R. É verdade que às vezes não é fácil encontrar vacinas, e isso pode ter a ver com como o vírus se comporta. Um estudo de quase 5.000 cepas virais que pré-publiquei com Antonio Salas, da Universidade de Santiago de Compostela, via uma enorme homogeneidade, em torno de 99,9%. Isto tem uma dupla interpretação. Poderia significar que o vírus é estável, que não é como o HIV, que pode ter uma variabilidade brutal inclusive dentro de uma pessoa, onde vai sofrendo mutações e surgem quase novas pseudoespécies. Mas também é importante ver não só o quanto ele muda, mas exatamente onde muda. Se a variação ocorrer na proteína S, com a qual o SARS-CoV-2 se ancora aos humanos, como é o lugar que serve de alvo para as vacinas, uma modificação dessa pequena parte pode lhe servir para escapar. É algo que não vimos já ter acontecido, mas não é garantia de nada.

P. Embora se saiba que as crianças são menos suscetíveis ao coronavírus, também se cogitou que pudesse provocar casos graves em alguns pacientes.

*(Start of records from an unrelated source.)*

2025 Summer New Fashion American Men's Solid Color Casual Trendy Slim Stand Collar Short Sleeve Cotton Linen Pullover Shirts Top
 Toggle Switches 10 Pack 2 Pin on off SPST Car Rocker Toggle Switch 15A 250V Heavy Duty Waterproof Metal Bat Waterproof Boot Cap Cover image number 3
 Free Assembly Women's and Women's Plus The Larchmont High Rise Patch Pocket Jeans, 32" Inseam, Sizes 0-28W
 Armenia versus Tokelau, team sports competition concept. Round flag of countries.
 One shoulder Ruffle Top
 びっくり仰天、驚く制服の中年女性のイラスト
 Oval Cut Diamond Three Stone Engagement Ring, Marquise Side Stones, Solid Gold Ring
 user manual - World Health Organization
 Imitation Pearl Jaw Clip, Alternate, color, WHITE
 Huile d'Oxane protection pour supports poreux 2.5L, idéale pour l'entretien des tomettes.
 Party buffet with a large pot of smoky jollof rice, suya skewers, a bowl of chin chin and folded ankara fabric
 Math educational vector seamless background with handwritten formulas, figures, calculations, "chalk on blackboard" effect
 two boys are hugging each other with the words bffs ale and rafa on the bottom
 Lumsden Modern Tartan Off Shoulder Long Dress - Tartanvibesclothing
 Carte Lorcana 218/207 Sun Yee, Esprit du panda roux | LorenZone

R. As crianças se infectam menos e têm uma resposta boa ao tratamento. Mas houve um número reduzido de casos de choque tóxico ou doença similar à de Kawasaki. Não se sabe exatamente se é uma coincidência temporal, se a SARS age como detonante, ou se é um efeito específico da infecção em crianças. Mas é preciso passar uma mensagem de tranquilidade. Foi um número reduzido de casos e temos tratamentos e conhecimento para lidar com esse de problema.

P. E, por último, em algum momento se falou das crianças como superdisseminadores. Sabe-se se é assim mesmo no caso do coronavírus?

R. Uma meta-análise do grupo de Russell Viner estimou que a probabilidade de uma criança se infectar é a metade que a de um adulto. São mais resistentes a se infectarem e, quando se infectam, o curso da enfermidade é mais benigno. Isto vemos na pesquisa espanhola de soroprevalência. Normalmente, as crianças desempenham um papel importante na transmissão de doenças infecciosas. Claramente é assim com a gripe, mas com as poucas evidências que temos com relação ao coronavírus, em surtos intrafamiliares, a criança não tem esse papel superdisseminador. Esta informação é importante na hora da normalização de atividade das crianças e da abertura de colégios.